1970年代当時、自信も生きる気力も無くしていた黒人やヒスパニック系の若い男性たちが、怒りや苦しみなど、抑圧されていたさまざまな感情と、内に秘めていたエネルギーをついに爆発させた。彼らのアイデンティティとパワー、自己表現と創造性そのものであるヒップホップによってHoodは再び息づいた。
Thug。
ストリートで野垂れ死ぬのはごめんだ。生き残るためには、ときに手段を選ばない。いかなる手段を用いてでも敵と戦う悪漢であり、Street Soldier(ストリート戦士)でありつづける。それがThugだ。Thugとしてストリートで生きること。実際、武勇伝の如く語られるほど生易しい世界ではない。

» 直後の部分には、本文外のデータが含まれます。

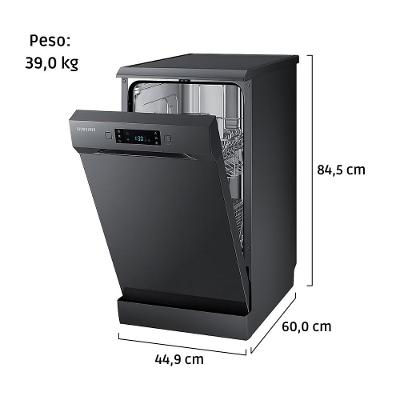 Lava-Louças Samsung Inox Preto 10 Serviços 110V, Compacta e Eficiente, Modelo DW50C6070FG/AZ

一旦、足を踏み入れるとなかなかその悪循環から抜け出せない。
ラッパーとしてたとえ成功したとしても、敵がいなくなるわけではない。過去に何かをやらかしたツケは必ず巡り巡って返ってくる。成功を妬み、足を引っ張ろうとする人間もいる。
いつどこで何が起こるかわからない。そんなことを考えながら、万が一のときに備えて、ガンを胸に忍ばせておくこともあるだろう。実際、殺人やドラッグ絡みの問題で、あっけなくその命を絶たれてしまうラッパーも多いのだ。また一旦、自分の中に染み付いたThug Mentality(サグ・メンタリティ)、あるいはGangsta Mentality(ギャングスタ・メンタリティ)は、簡単に身体から抜けきるものではないだろう。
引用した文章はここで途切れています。